- [Work task]:
When you reach the line below that has "BMW X5 xDrive50e — photo 11", start returning lines exactly, and stop after the line that has "تويوتا لاند كروزر في اكس ار 2015 - Image 2"; skip the pictures.

- [The data]:
——————
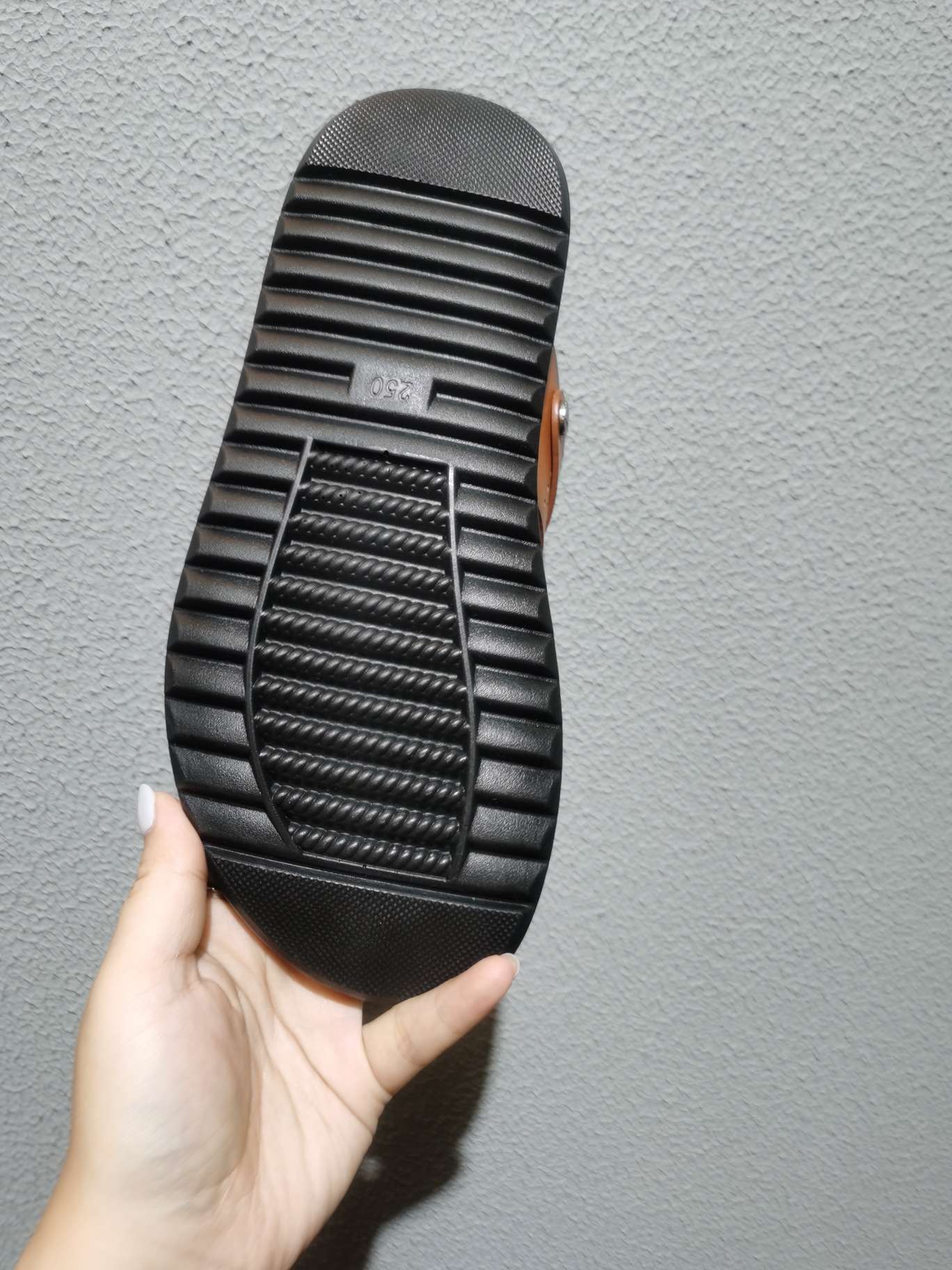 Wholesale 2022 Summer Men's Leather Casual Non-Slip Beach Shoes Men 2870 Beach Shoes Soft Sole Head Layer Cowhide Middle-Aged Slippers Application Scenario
——————
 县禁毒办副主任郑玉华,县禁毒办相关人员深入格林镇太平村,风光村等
——————
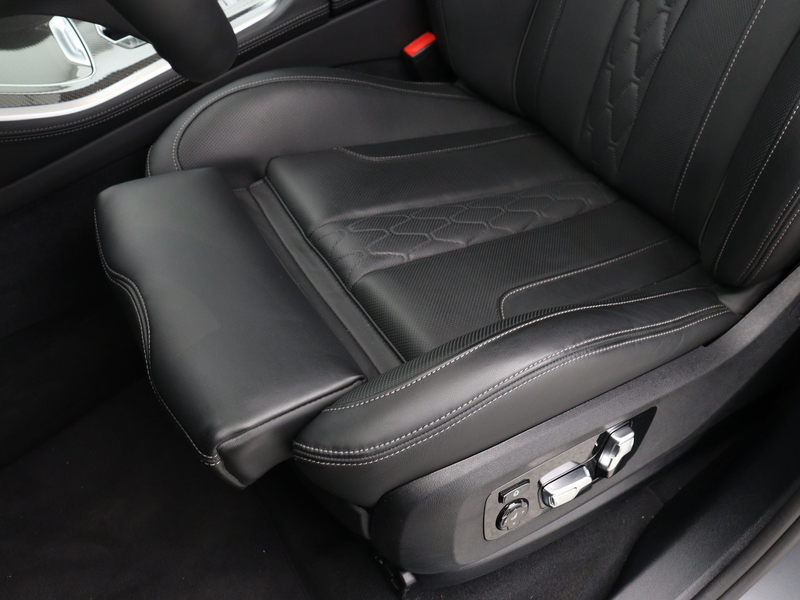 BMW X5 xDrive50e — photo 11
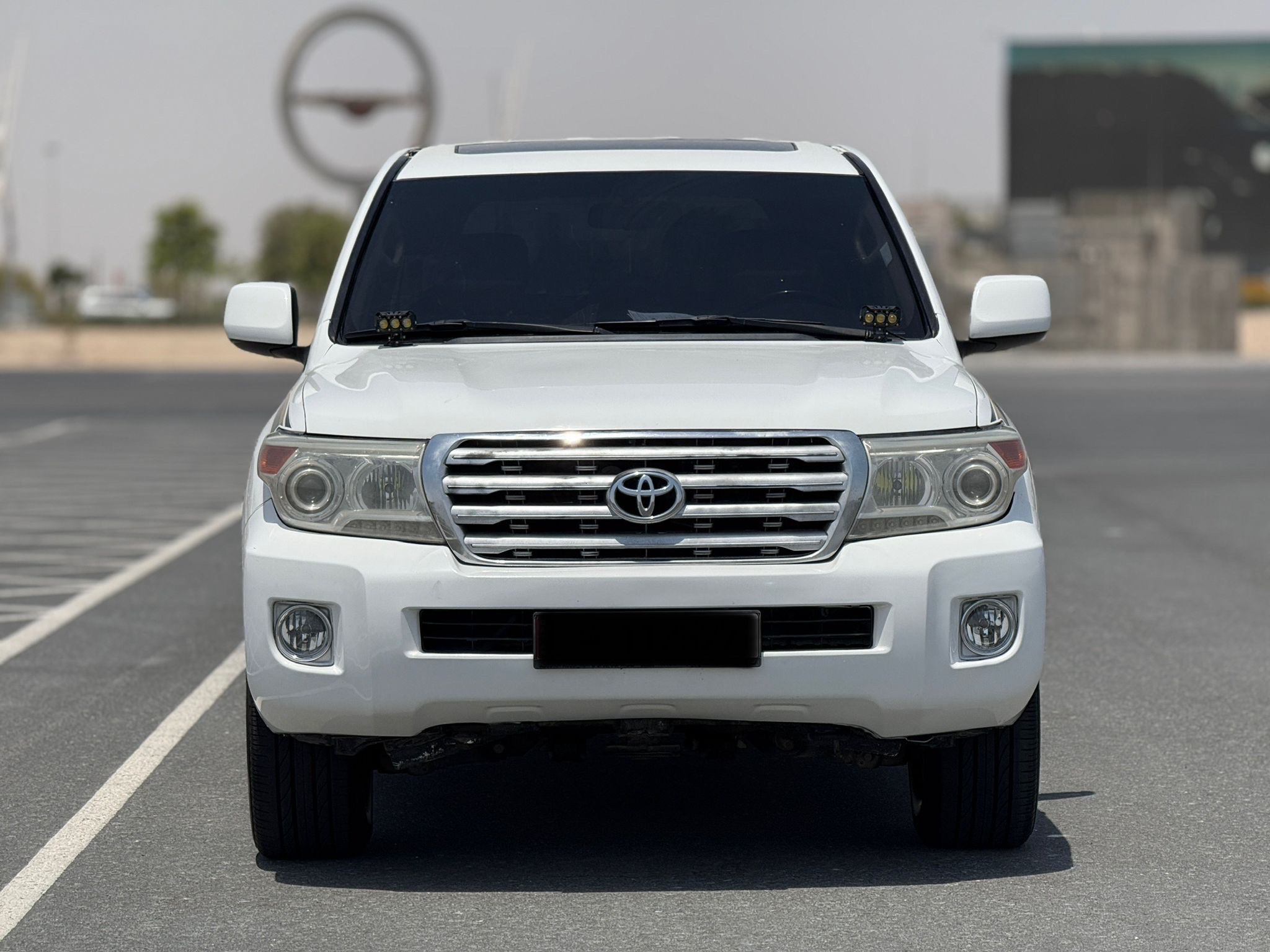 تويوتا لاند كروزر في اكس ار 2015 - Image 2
——————
- [Exercise response]:
 BMW X5 xDrive50e — photo 11
 تويوتا لاند كروزر في اكس ار 2015 - Image 2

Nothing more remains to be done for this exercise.